Di seguito, un bel “ritratto” di Gigi Riva firmato da un grande del giornalismo sportivo italiano, Roberto Beccantini.
di Roberto Beccantini
E’ ancora là: con i suoi amori, con le sue cicatrici, con il suo orgoglio. I compleanni ondeggiano sempre tra borotalco e rotocalco. Spiegare Riva ai giovani è un piacere e un onore. Perché Gigi Riva è stato, a mio avviso, il più grande attaccante italiano del Dopoguerra. Ha portato il Cagliari allo scudetto (1970), è stato campione d’Europa nel 1968 e vice campione del Mondo in Messico, nel ‘70. Detiene ancora oggi il record di gol in Nazionale: 35 in 42 partite.

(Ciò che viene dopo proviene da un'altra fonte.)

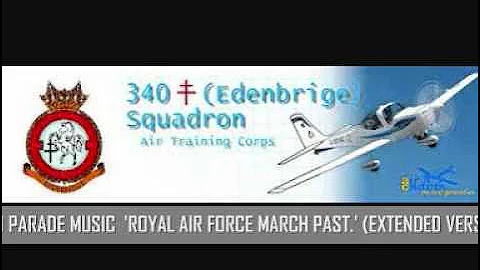 340 SQN ATC PARADE MUSIC 'ROYAL AIR FORCE MARCH PAST.' (EXTENDED VERSION)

Tre volte capocannoniere, in serie A ne realizzò 156, e chissà quanti ne avrebbe segnati se solo avesse potuto contare sul liberismo normativo degli ultimi anni: dal mani-comio al fuorigiochicidio, dagli autogol estinti al potere che la Fifa sfilò ai difensori per offrirlo ai cacciatori, di frodo e non.
Portava il numero undici, sinistro fino al midollo, Gianni Brera lo ribattezzò Rombo di Tuono. Per come tirava, per come riempiva il cielo delle partite. Non un lampo: un tuono. Definirlo attaccante è riduttivo. Riva era l’attacco. Lo copriva tutto, per tutti. Era, quel Cagliari, il Cagliari di Manlio Scopigno detto il filosofo. Un sabato sera entrò nella camera in cui Riva, Enrico Albertosi, Bobo Gori e Cesare Poli stavano giocando a poker. Fumavano come turchi. Il sabato sera. La vigilia della partita. Il massimo della trasgressione. “Disturbo se fumo?”, chiese Scopigno. E il giorno dopo il Cagliari vinse, naturalmente.

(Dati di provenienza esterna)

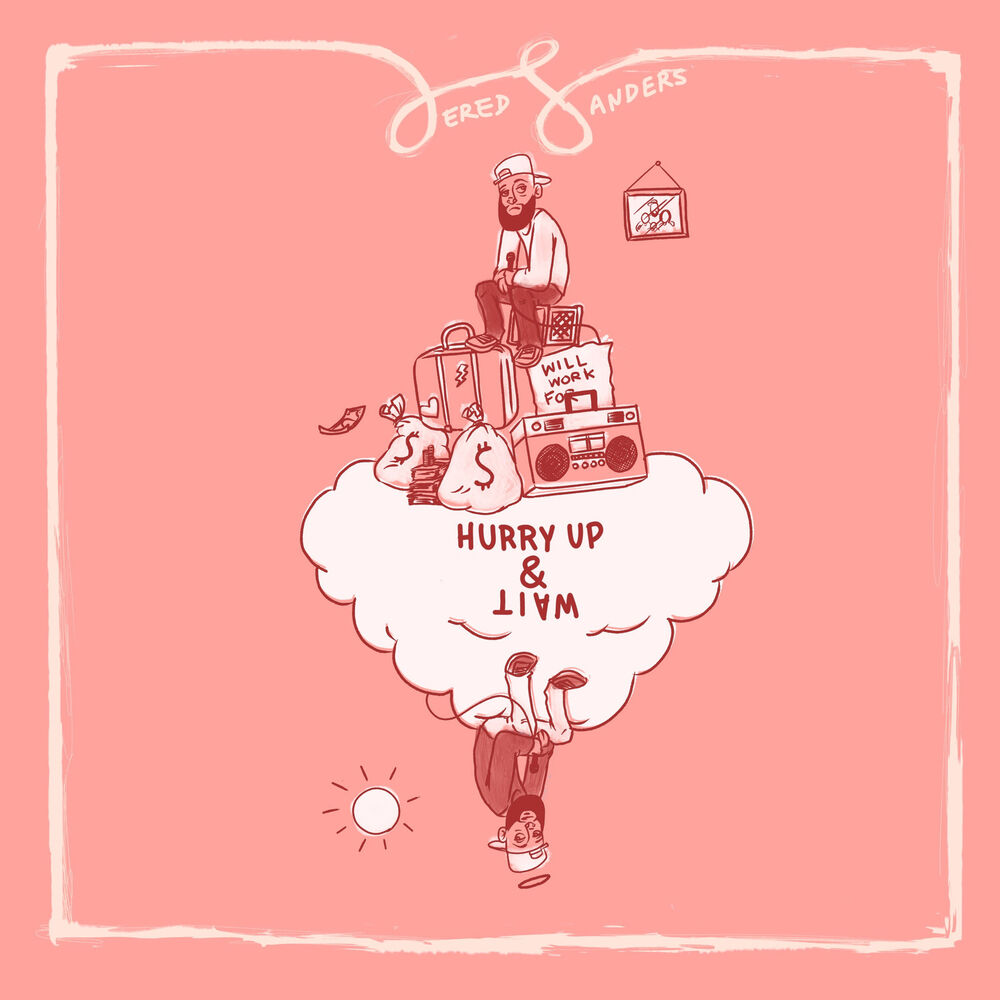 Picture of Hurry up & Wait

Uomo tutto d’un pezzo, e non tutto d’un prezzo, Riva. Rifiutò le offerte di Gianni Agnelli, le lusinghe di Moratti padre. Nato lombardo, diventò sardo e sordo alle sirene del buon ritorno. Giocava di forza, in acrobazia, faceva perno sul corpo di coloro che lo marcavano per liberare i gomiti, per armare il tiro. Era forte di piede e di testa. La rovesciata contro il Lanerossi Vicenza, la sgrullata in tuffo contro la Germania Est emergono dalle scartoffie della memoria. Storia, non cronaca.
Foto LaPresse
Ai suoi tempi, il pallone rotolava a ritmi meno ossessivi. Alla Nazionale, Gigi trovò il tempo – e i “complici” – per sacrificare entrambe le gambe: il portiere del Portogallo, Americo, gli spezzò il perone sinistro nel 1967, allo stadio Olimpico di Roma; il terzino austriaco Hof gli tranciò il perone destro nel 1970, al Prater di Vienna.
Orfano di padre a nove anni, e di madre quando partì per Cagliari: “Cosa vuoi che ti dica? Che dedico il gol alla Sardegna o all’Italia se gioco in Nazionale? Ma non facciamo ridere: io non ho nessuno a cui dedicare nulla. Segno per dovere”, confessò a Gianni Mura. Scrivendo di Gigi Riva, del suo coraggio e della sua scorza, mi viene in mente Osvaldo Soriano. Fieri, solitari y final: li immagino così, i 78 anni di questo guerriero, prigioniero-padrone dei suoi silenzi. E, dunque, libero.